Finalmente posso dire di aver letto un romanzo Fantasy vecchio stile!
Questo libro è una bellissima favola, di quelle che si possono leggere anche ai bambini prima di dormire, ma adattissima agli adulti che amano perdersi in mondi fantastici. Una fiaba dove possiamo trovare tutti gli ingredienti necessari: avventura, coraggio, amicizia, magia e amore...davvero, non manca nulla!
Quando ho finito di leggere questo libro e l'ho chiuso, ho provato un forte senso di nostalgia per i suoi buffi personaggi, che mi hanno tenuto compagnia in questi giorni.
Non mi capita spesso di affezionarmi così tanto ad una storia!
"Il mistero dei libri perduti" si è sicuramente guadagnato un posto nella mia libreria vicino a "Stardust" di Neil Gaiman, e "La storia infinita" di Michael Ende.
E' un libro scritto benissimo, le parole scivolano via come un ruscello in mezzo al bosco!

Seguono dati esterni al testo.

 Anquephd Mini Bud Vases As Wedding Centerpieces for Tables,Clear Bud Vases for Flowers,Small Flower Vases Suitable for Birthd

Miriam Mastrovito è riuscita a trasportarmi veramente nel magico mondo di Buchenland...mi ha fatto incontrare personaggi simpatici e divertenti; ognuno con una particolare personalità che me li ha fatti percepire come reali, come se fossero stati accanto a me per tutto il tempo...o meglio, come se io fossi stata lì con loro!
Credo che questa sia la vera magia contenuta in un libro!
In alcune parti mi ha fatto ridere, grazie agli strafalcioni di Adelindo, e l'amicizia tra Tea e il troll mi ha fatto commuovere.
Un libro che consiglio di cuore a chi, come me, piace farsi trasportare in mondi magici e fantastici, pieni di avventura!